Governor Terry Branstad gave the closing remarks at Thursday’s Iowa Association of School Boards convention. Radio Iowa’s Dar Danielson reports: IASB report :48

The governor was serenaded and presented an apple with a candle in it for his birthday before speaking to the school board members about his education reform plan. The governor asked the leaders at the local level to give support to his plans for reform, even in the face of skeptics.

Branstad says transforming our schools will take leadership, not only from the governor, director of education and the legislature, but from school board members. “You’re the leaders at the local level that we’re counting on to get this done,” Branstad said.

The teacher pay portion of Branstad’s proposal has been put on hold. He says the feedback he got from local town hall meetings was the reason he decided to delay it. “There’s a lot of questions that need to be answered and there’s significant cost items associated with that, so we have to build a consensus, we’ve got to get an understanding of this, and also we have to cost out what it’s going to be,” the governor said.

Branstad says the education director will put together a working group to work on some of those questions.
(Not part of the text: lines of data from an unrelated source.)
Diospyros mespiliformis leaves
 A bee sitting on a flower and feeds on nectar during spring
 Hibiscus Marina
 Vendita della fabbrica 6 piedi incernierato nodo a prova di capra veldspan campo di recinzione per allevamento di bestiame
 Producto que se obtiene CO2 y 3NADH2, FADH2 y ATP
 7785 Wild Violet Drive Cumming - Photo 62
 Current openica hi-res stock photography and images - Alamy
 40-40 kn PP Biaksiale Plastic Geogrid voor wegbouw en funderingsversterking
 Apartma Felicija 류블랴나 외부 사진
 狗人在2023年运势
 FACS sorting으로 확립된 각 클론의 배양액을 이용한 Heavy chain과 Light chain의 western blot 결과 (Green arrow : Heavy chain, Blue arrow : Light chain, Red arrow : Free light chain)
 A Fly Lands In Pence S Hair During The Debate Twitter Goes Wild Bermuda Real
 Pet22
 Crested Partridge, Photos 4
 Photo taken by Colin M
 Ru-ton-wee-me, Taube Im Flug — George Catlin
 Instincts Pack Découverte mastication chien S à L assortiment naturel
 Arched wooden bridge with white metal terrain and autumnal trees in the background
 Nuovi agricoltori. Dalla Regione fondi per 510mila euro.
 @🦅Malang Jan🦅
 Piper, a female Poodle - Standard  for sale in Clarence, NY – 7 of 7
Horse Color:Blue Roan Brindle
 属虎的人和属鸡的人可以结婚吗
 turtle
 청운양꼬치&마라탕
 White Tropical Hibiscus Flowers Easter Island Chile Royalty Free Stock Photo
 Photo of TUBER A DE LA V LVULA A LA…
His introduction started with birthday wishes, and Branstad said he was pleased with the way his speech was received. “You know I got a standing ovation on the speech, I was really pleased with that, you know I think they are very interested,” Branstad says.

He says the schoolboard members are volunteers and they wouldn’t be doing the job if they weren’t interested. So he hopes they will influence their lawmakers and others to mover forward on the reforms. There are over 350 school districts in Iowa.